In Latin, rosemary means "dew of the sea"—appropriate since it is indigenous to the Mediterranean. Rosemary is one of the most aromatic and pungent of all the herbs. Its needle like leaves have pronounced lemon-pine flavor that pairs well with roasted lamb, garlic, and olive oil.
Thyme comes in dozens of varieties; however, most cooks use French thyme. Undoubtedly thyme is one of the most important herbs of the European kitchen. This congenial herb pairs well with many other herbs—especially rosemary, parsley, sage, savory, and oregano. Its earthiness is welcome with pork, lamb, duck, or goose, and it's much beloved in Cajun and Creole cooking.

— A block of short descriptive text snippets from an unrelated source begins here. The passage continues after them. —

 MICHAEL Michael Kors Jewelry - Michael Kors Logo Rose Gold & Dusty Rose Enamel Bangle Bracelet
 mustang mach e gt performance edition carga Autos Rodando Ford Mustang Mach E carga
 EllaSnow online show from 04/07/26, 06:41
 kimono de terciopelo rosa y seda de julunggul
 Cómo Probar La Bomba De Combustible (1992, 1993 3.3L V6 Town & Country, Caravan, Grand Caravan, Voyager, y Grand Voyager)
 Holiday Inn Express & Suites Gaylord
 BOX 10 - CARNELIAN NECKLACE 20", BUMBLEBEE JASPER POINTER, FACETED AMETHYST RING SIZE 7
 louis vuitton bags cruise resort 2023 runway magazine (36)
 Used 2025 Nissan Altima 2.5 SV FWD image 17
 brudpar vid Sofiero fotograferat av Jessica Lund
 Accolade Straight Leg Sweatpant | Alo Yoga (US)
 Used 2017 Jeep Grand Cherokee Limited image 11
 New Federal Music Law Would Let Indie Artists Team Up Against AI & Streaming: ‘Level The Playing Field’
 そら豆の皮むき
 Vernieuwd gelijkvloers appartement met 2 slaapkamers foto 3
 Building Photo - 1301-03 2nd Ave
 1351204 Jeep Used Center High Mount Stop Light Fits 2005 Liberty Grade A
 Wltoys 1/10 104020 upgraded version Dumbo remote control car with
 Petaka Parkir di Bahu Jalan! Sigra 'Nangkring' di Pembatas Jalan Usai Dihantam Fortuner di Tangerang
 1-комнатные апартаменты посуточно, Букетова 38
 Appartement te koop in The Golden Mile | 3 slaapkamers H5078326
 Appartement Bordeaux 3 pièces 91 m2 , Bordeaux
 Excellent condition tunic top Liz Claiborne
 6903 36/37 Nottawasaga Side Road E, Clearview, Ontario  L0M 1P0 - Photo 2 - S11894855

No refrigerator should be without parsley. It's the workhorse of the herb world and can go in just about every dish you cook. Parsley's mild, grassy flavor allows the flavors of other ingredients to come through. Curly parsley is less assertive than its brother, flat-leaf parsley. Flat-leaf parsley is preferred for cooking, as it stands up better to heat and has more flavor, while the more decorative curly parsley is used mostly for garnishing. Sprinkle a little persillade, a mixture of chopped parsley and garlic, on roasted lamb, grilled steaks, fish, chicken, and vegetables as they do in France.